Christopher Hitchens' "God Is Not Great: How Religion Poisons Everything": An Amazon Review and Discussion

On June 6, 2007, I posted an Amazon review of Christopher Hitchens' "God Is Not Great: How Religion Poisons Everything." I titled my review "No Wonder So Many People Believe in God." I include the full text of my review of Hitchens' book, below.

The review generated a lively discussion that continues even as I write these words, five years later. I participated in the discussion at first but then I dropped out. Participation became too time-consuming.

I tried to convey something like the following message via the Amazon page:

"I dropped out of this discussion and I apologize for that.

'Save Send Delete' offers the best argument I have in response to many of the atheist points made here. I have a blog devoted to the book. It's easier for me to address questions posted to a centralized location than to continue to return to internet venues like this and others where I have contributed over the years."

Amazon deleted my post.

I wrote to Amazon. I received several replies. They all read like missives from a Kafka novel about a dystopian regime where robots attempt to discern the smallest particle of incorrect thought in the furthest reaches of the human mind. At first I thought these were automated responses, but then I noticed that the Amazon-bots were misspelling my name. Real people were sending me these messages? How sad.
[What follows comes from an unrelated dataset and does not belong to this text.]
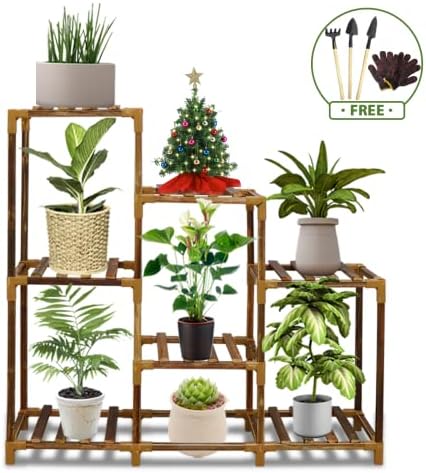 Awlylnll biljka stajalište za unutarnje biljke, 3 sloja 7 u lončanom slojevom biljnom polica vanjski vrtni dekor, drva za biljke stol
The messages communicated the following, "We don't care what explanation you offer. We KNOW you've been bad, bad, bad, and we are going to continue to delete your posts."

So, I gave up. If anyone from the Amazon discussion found his or her way here, I admire your perseverance. Maybe we can talk here.
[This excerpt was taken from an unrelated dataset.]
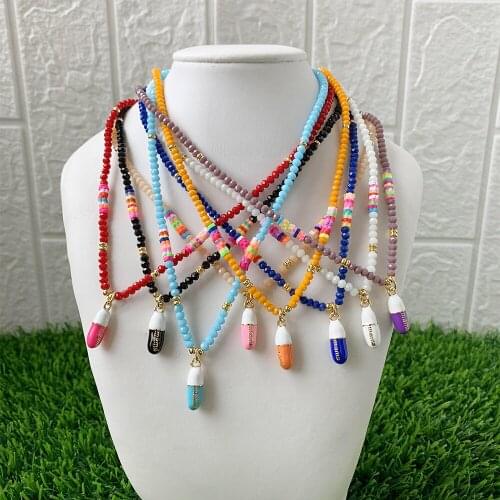 European And American Punk Personality Fashion Colorful Bead Necklace Simple Ins Cold Neck Chain Hip-hop Pill Collarbone Chain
Below please find the full text of my Amazon review of Christopher Hitchens' "God Is Not Great."


If "God Is Not Great" is the best argument for atheism, it's no wonder that so many believe. There is much wrong with this book. Given the word limit on Amazon reviews, one can only scratch the surface.

Hitchens' style: So many names are dropped you need an umbrella. Hitchens rubs elbows with glamorous people; he reads famous writers. On the other hand, Hitchens refers, repeatedly, to anyone who believes in God as a "yokel." This patina of sophistication shielded by venom intimidates some into deferring to Hitchens as a great mind.

Namedropping equals leftovers. Hitchens innovates no paradigm in relation to his, and humanity's, grave concern – ending religiously-justified atrocity like 9-11. Given this, it is egregious that Hitchens does not mention works that have responded to criticisms he quotes. For example, he rehashes John Cornwell's accusations against Pope Pius XII, without ever mentioning Ronald J. Rychlak's or David G. Dalin's refutations of Cornwell. This approach – airbrushing out of his picture anything that weakens his point – would not be possible in a volume published by a reputable academic press. So much for scholarship.

Hitchens' method is the classic one of prejudice: create an enemy, an "other"; insist that all members of this category are an undifferentiated mass; voice an entrenched bigotry – people of faith are stupid, hypocritical, and evil; scapegoat this other as the cause of all the world's problems, and then "support" this construct with decontextualized anecdotes.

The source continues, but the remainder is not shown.